31 may 2013 Exorcismes i gintònics
Debe estar subvencionado el bar del Congreso de los Diputados? ¿Se pueden vender bebidas alcohólicas dentro de esta institución? ¿Hasta qué punto es presentable o correcto o ético que un diputado se tome un gin-tonic en vez de un café con leche? ¿Y hasta qué punto es admisible que este gin-tonic tenga un precio por debajo de lo que costaría en cualquier establecimiento? Este tipo de debates han irrumpido en medio de la crisis e irán a más porque -aparentemente- ayudan a confirmar una de las grandes sospechas de nuestra época: la política es el mejor chollo y todos los que se dedican a ella lo hacen para disfrutar de un lote de privilegios y canonjías.
Hemos llegado hasta aquí por tres motivos, no es casual. Primero: la crisis genera malestar y muchos políticos (que deben gestionar los problemas colectivos) parece que no acaban de hacerse cargo de la situación; esta afirmación es injusta porque no tiene en cuenta a los muchos cargos electos que se esfuerzan por evitar que las cosas empeoren.

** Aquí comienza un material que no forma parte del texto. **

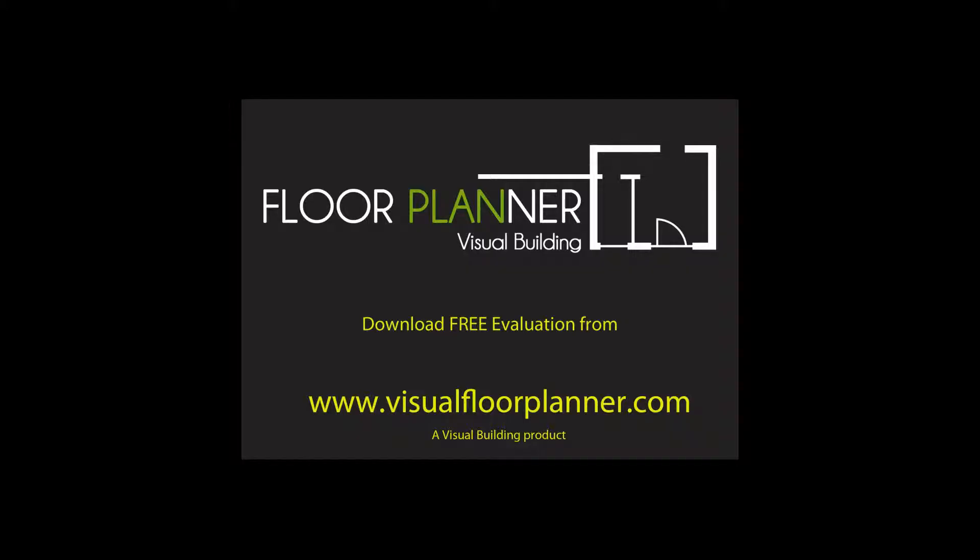So that brings us to the end of the tutorial for Visual Floor Planner and I thank you for watching.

Segundo: la corrupción, que era tenida por un mal menor en época de vacas gordas, hoy es un espectáculo insoportable que intoxica todo lo que hacen o dejan de hacer los políticos. Tercero: ante la pérdida de credibilidad de la política, aparece una moralina justiciera que encuentra mil y un pecados en cualquier cosa relacionada con nuestros representantes.
Discutir sobre el bar del Congreso puede contentar a quien tenga por premisa que nuestros legisladores son, en general, unos pájaros. Como no me permito esta descalificación global, me inclino a pensar que las averías de la democracia tienen otro origen, más complicado y difícil de solucionar. Ahora bien, poner el foco en estos detalles costumbristas permite hacer retratos de trazo grueso y sacar conclusiones que abonan los prejuicios de más circulación. Como también ayuda a reforzar la etiqueta de «la casta», término que utilizan tanto los ultras como los indignados y los predicadores mediáticos.
Ante la gran dificultad de los partidos a la hora de reconstruir la ejemplaridad pública, se opta por hacer exorcismos que nos liberen de los demonios de la calle. Un bonito ejemplo de eso tuvo lugar ayer en el Parlament de Catalunya, que decidió por unanimidad suprimir los teletacs y las tarjetas de Renfe para los diputados. Aquí el ahorro es lo secundario, lo que se pretende es proyectar una imagen de austeridad. Se trata de conseguir que un diputado no sea visto como un criminal de guerra. Lo entiendo. Pero eso me produce la misma angustia que sentí cuando el anterior presidente del Parlament, Ernest Benach, tuvo que renunciar -tras una campaña llena de insidias- a unas mejoras en el coche oficial. Mientras nos tienen distraídos discutiendo sobre gin-tonics y teletacs, nos toman el pelo por otro lado.